Corriere del Mezzogiorno (Puglia)
Il Sud e il Piano per far ripartire l’Italia
Il Piano per il Sud, annunciato il 14 febbraio scorso a Gioia Tauro dal ministro Provenzano, nonostante le comprensibili perplessità verso i libri dei sogni di cui è piena la storia del Mezzogiorno, presenta, a mio modesto parere, delle novità e potenzialità non trascurabili. Non tanto o non solo sul fronte della dotazione finanziaria (un piano da 123 miliardi, di cui 33,5 solo per le infrastrutture).
Quanto sulla filosofia che, in anni recenti, ha contribuito alla nascita di un nuovo meridionalismo. Dopo le tante e conclamate inefficienze delle Regioni meridionali, si punta ora su un criterio diverso: il potenziamento del potere di indirizzo dello Stato. Un potere da esercitare sulla spesa dei fondi aggiuntivi, sulla revisione dei programmi di sviluppo e coesione, su un nuovo protagonismo per centri statali, Agenzia per la coesione, Invitalia e Investitalia.
Parliamoci chiaro, però. Questo nuovo schema di gioco non nasce oggi. Non sbuca dal nulla. Fatte le debite proporzioni, questo fu lo schema ideato negli anni 50, quando fu creata la Cassa per il Mezzogiorno. Trentaquattro anni di intervento straordinario che cambiarono in profondità il Mezzogiorno. Oggi, invece, le statistiche ci provocano solo rabbia e amarezza. Il reddito pro-capite, nel Mezzogiorno, cala da decenni. Il divario con il Nord è aumentato. Cresce la frattura con il resto del paese. Per i giovani laureati di 25/39 anni, la probabilità che lascino il Sud è del 35%.
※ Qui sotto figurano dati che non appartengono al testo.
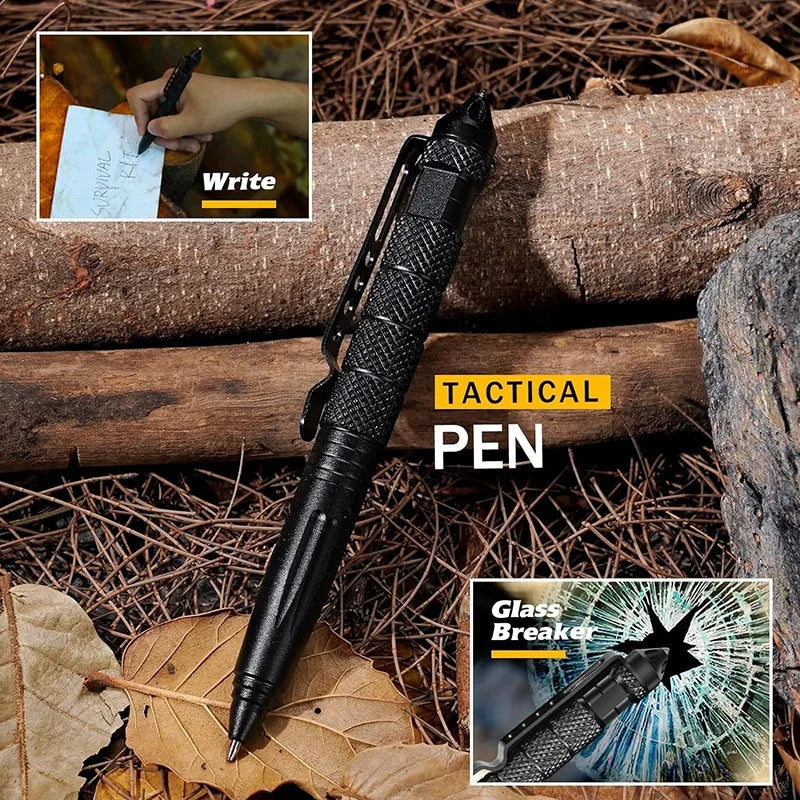 18in1 Multifunctional Emergency Equipment Outdoor Survival Kit Military Outdoor Travel Exploration Camping Tools First Aid Kits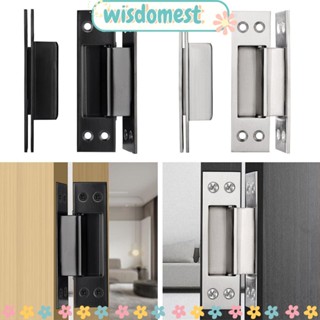 Wisdomest บานพับซ่อน สเตนเลส พับได้ อุปกรณ์เฟอร์นิเจอร์ที่มองไม่เห็น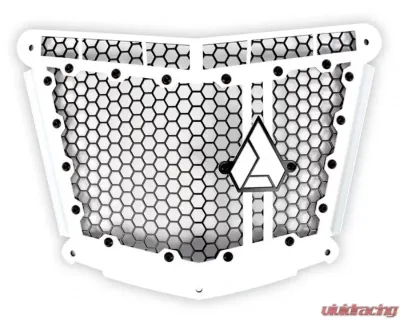 Assault Industries White Striker Series Front Grill Textron Wildcat XX 2018-2019 - GRL-T-XX-ST-05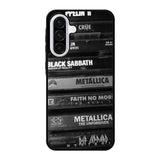Rock N Roll Cassete Samsung Galaxy A56 Case FE6649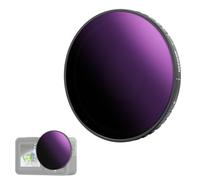 NEEWER Filtro ND Variabile Compatibile con DJI Osmo Action 5 Pro e Action 4, ND64-256 (6-8 Stop), Filtro per Obiettivo a Densità Neutra Avvitabile, Vetro Ottico HD Multistrato, Accessori Action Camera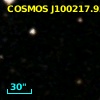 COSMOS J100217.93+022856.7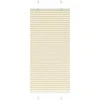 Plisuotas Blind Kreminis 65x100 cm Audinio plotis 64,4 cm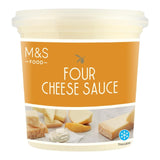 M&S Four Cheese Sauce 350g, imported from the UK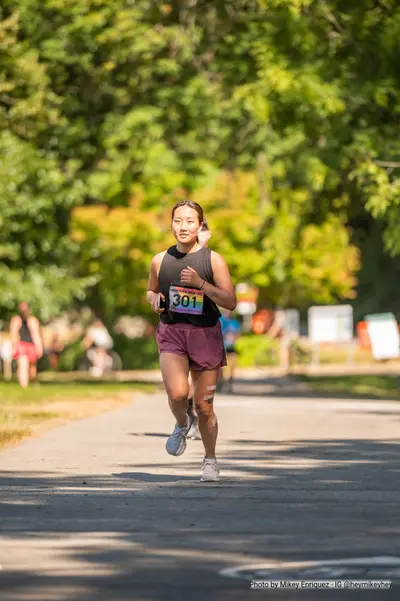 A photo from the 2023 Pride Run and Walk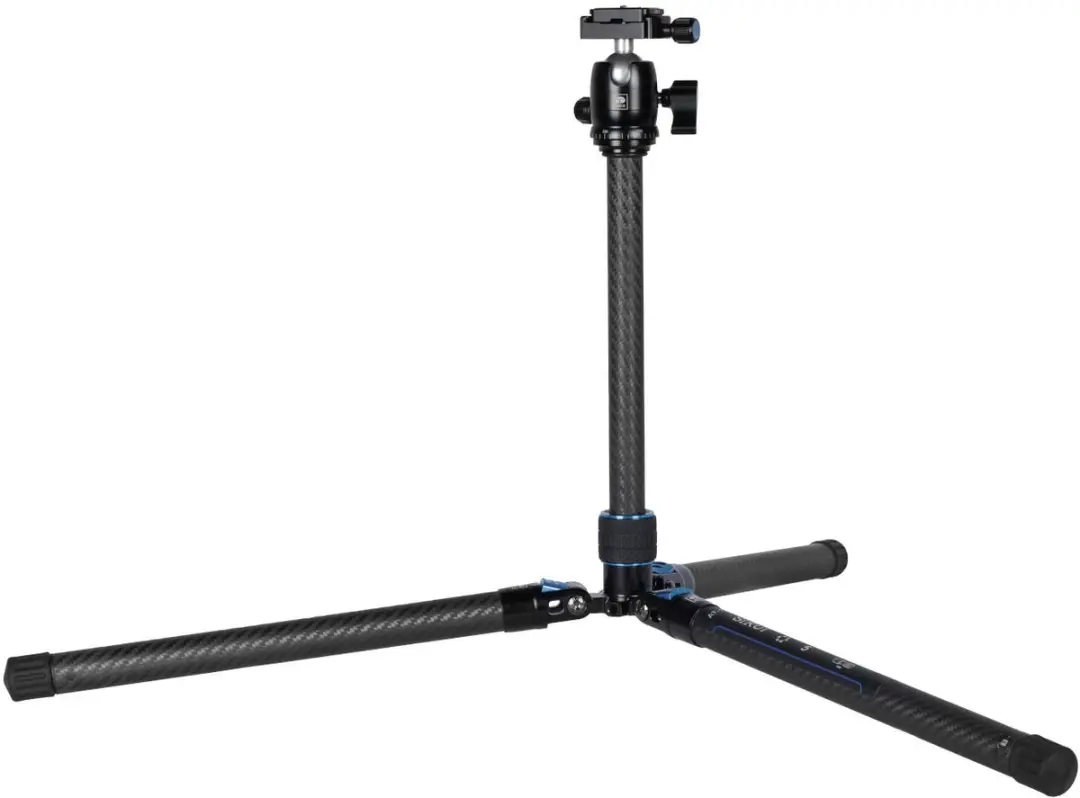 Sirui AT-125 B-00K Carbon Reisstatief 8kg - Zwart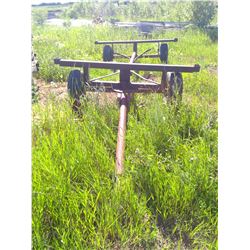 Homemade Baling Trailer (16'L x 7 1/2' W)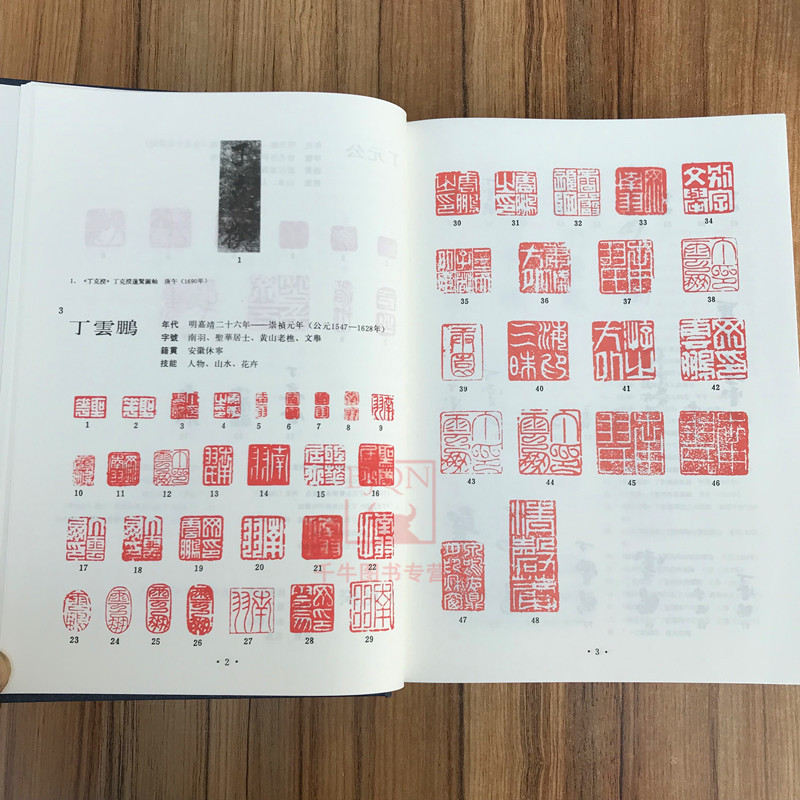 中国书画家印鉴款识 唐代至现代已故书画家印谱书法款题收藏家印上海博物馆书画原迹原大古代儒道释人名表印章款篆刻印鉴图谱典集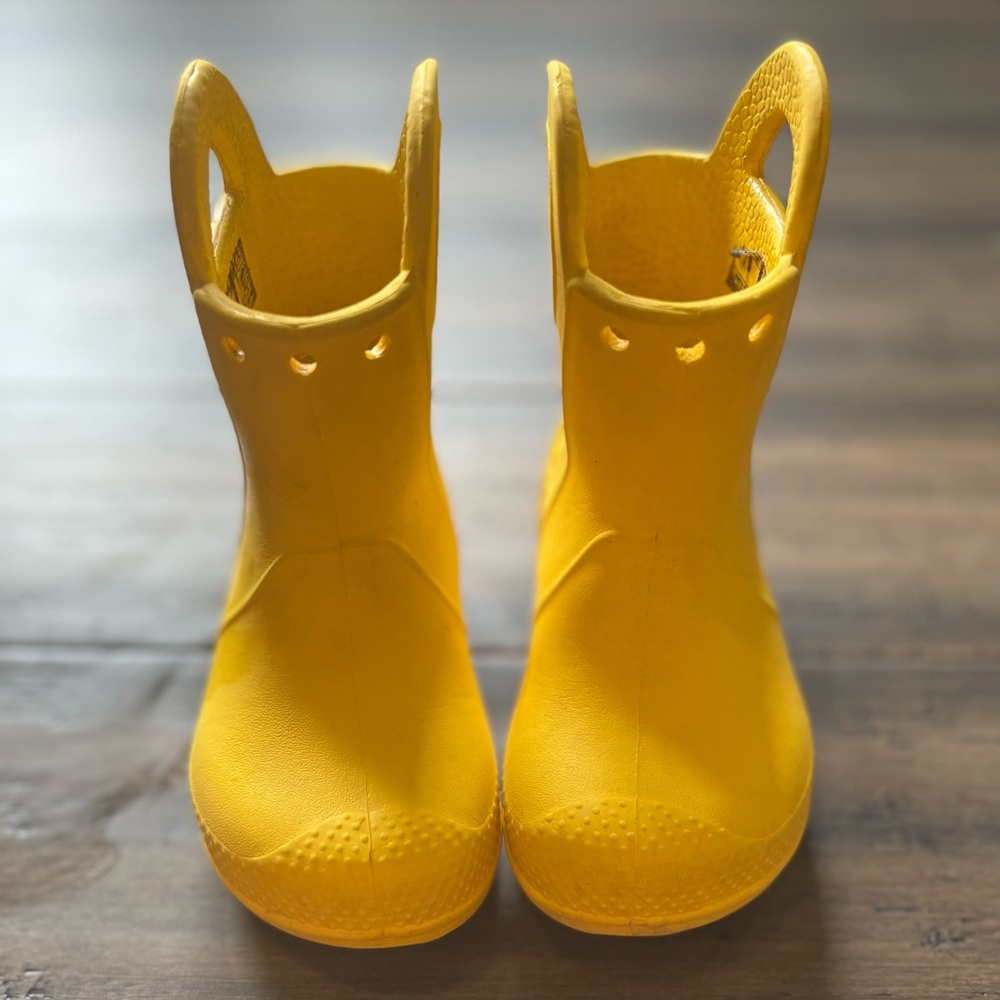 Baby Crocs “Handle It” Boots
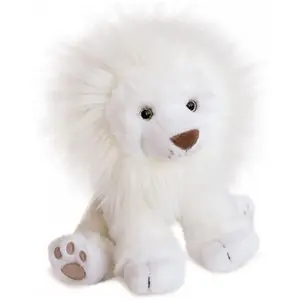 Histoire D'Ours Plüschtier Schneelöwe 28 cm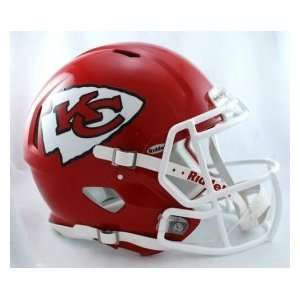   Chiefs Full Size Authentic Revolution Speed Helmet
Questo piano per il Sud, a differenza di altri, sbandierati nel passato, presenta alcune interessanti novità. Punta sui giovani, combatte la povertà educativa, vuole potenziare l’edilizia scolastica, estende la no tax area, punta a una sanità efficiente. Un Mezzogiorno, infine, che privilegia la tecnologia e forma professionalità ed eccellenze per la ricerca, le imprese e le università.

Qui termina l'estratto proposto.